**WHAT IS NEEDED:**
Only the lines from the beginning of the data through the one with "Bathroom at Film" belong in the answer, each retyped exactly, with pictures left out.

--------------------

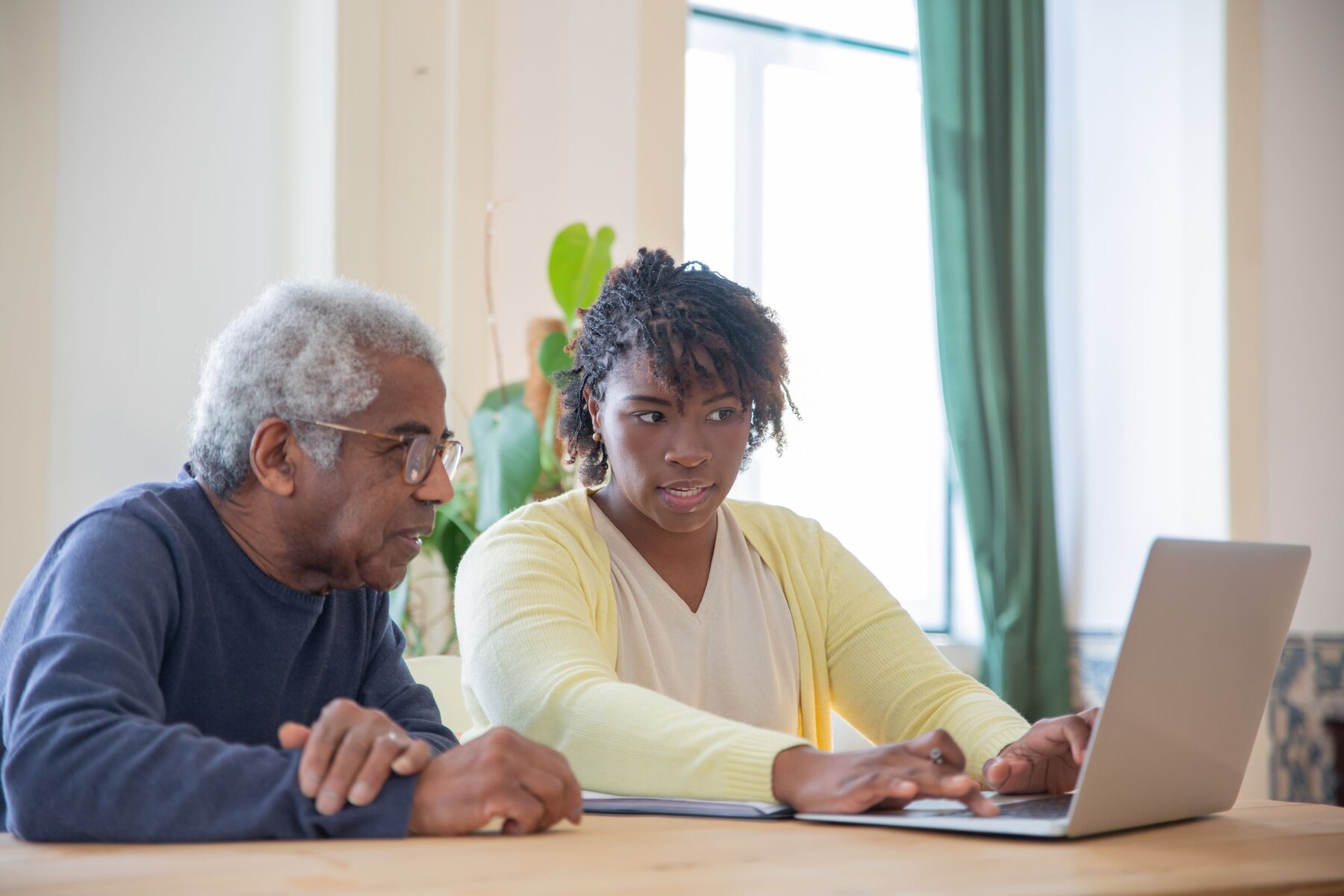 Accompagnement d’une personne âgée dans l’utilisation d’un service numérique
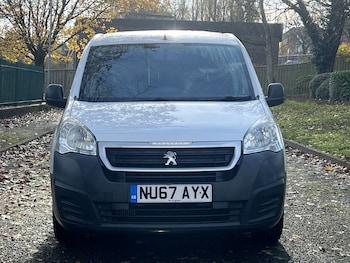 Used Peugeot Partner 2017 for sale - 76769272: Photo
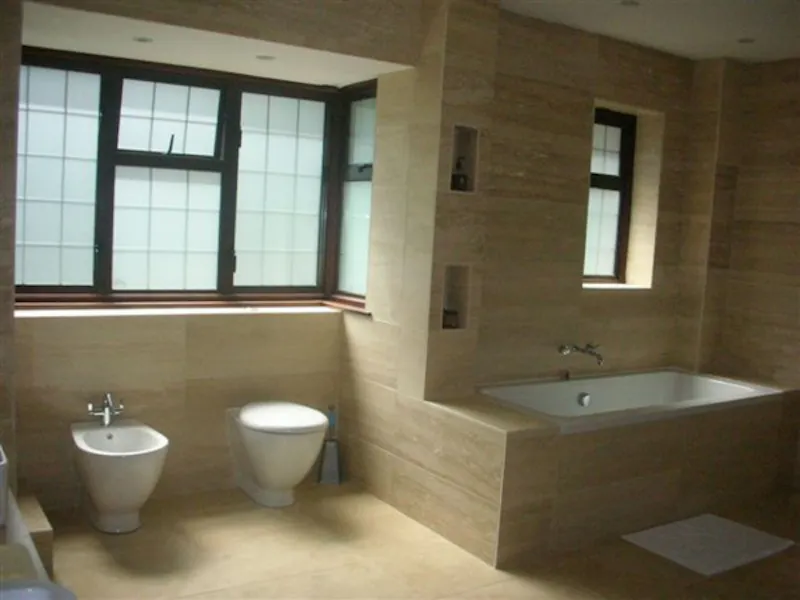 Bathroom at Film location D2026 in Kent (photo 13)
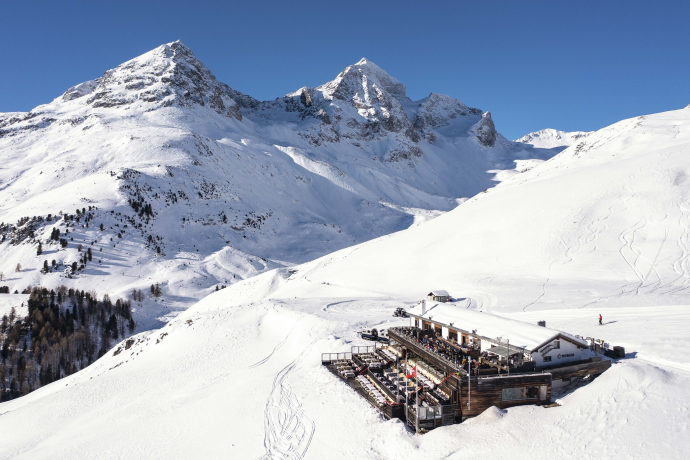 Paradiso Mountain Club & Restaurant (oua_605631883_image) Paradiso Mountain Club & Restaurant (oua_605631883_image)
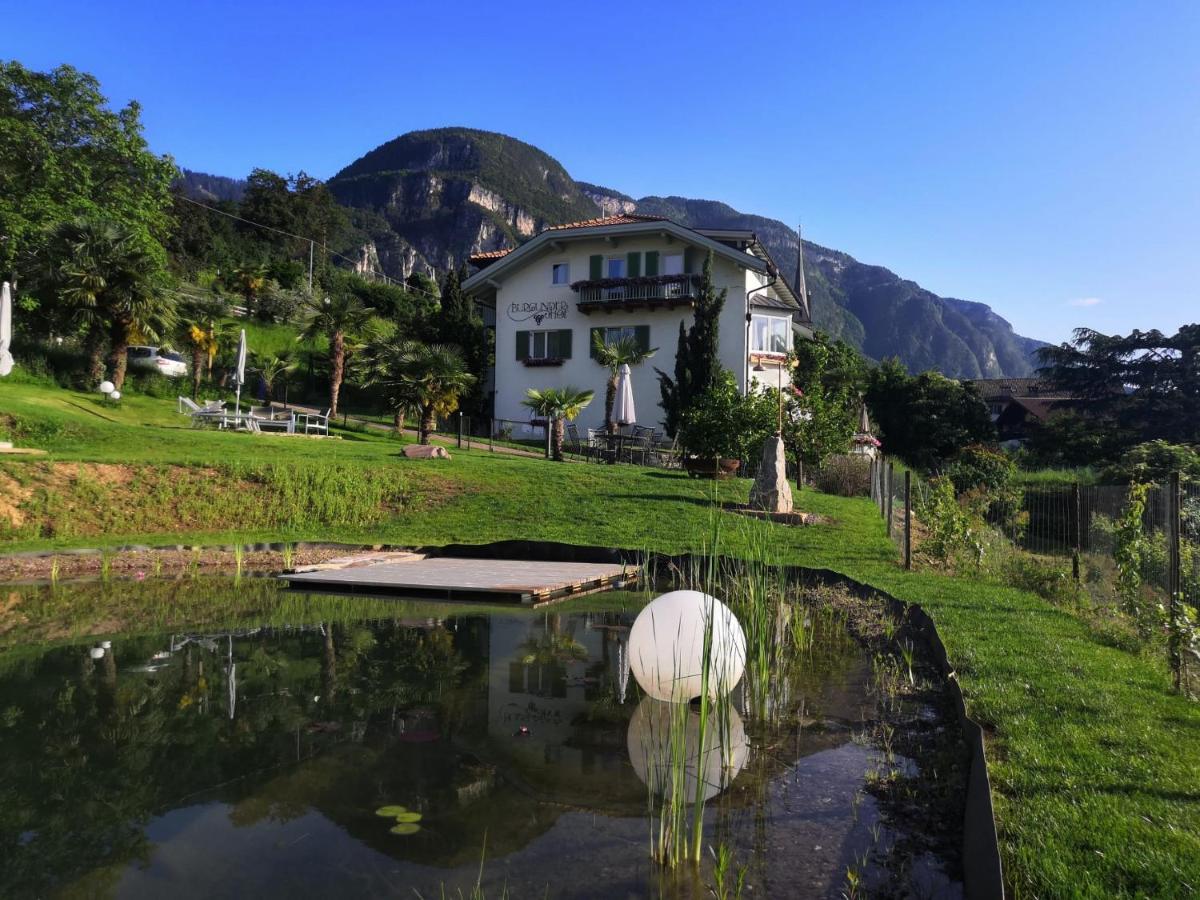 Burgunderhof Villa Montagna Exteriör bild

--------------------

**SOLUTION FOR THIS TASK:**
 Accompagnement d’une personne âgée dans l’utilisation d’un service numérique
 Used Peugeot Partner 2017 for sale - 76769272: Photo
 Bathroom at Film location D2026 in Kent (photo 13)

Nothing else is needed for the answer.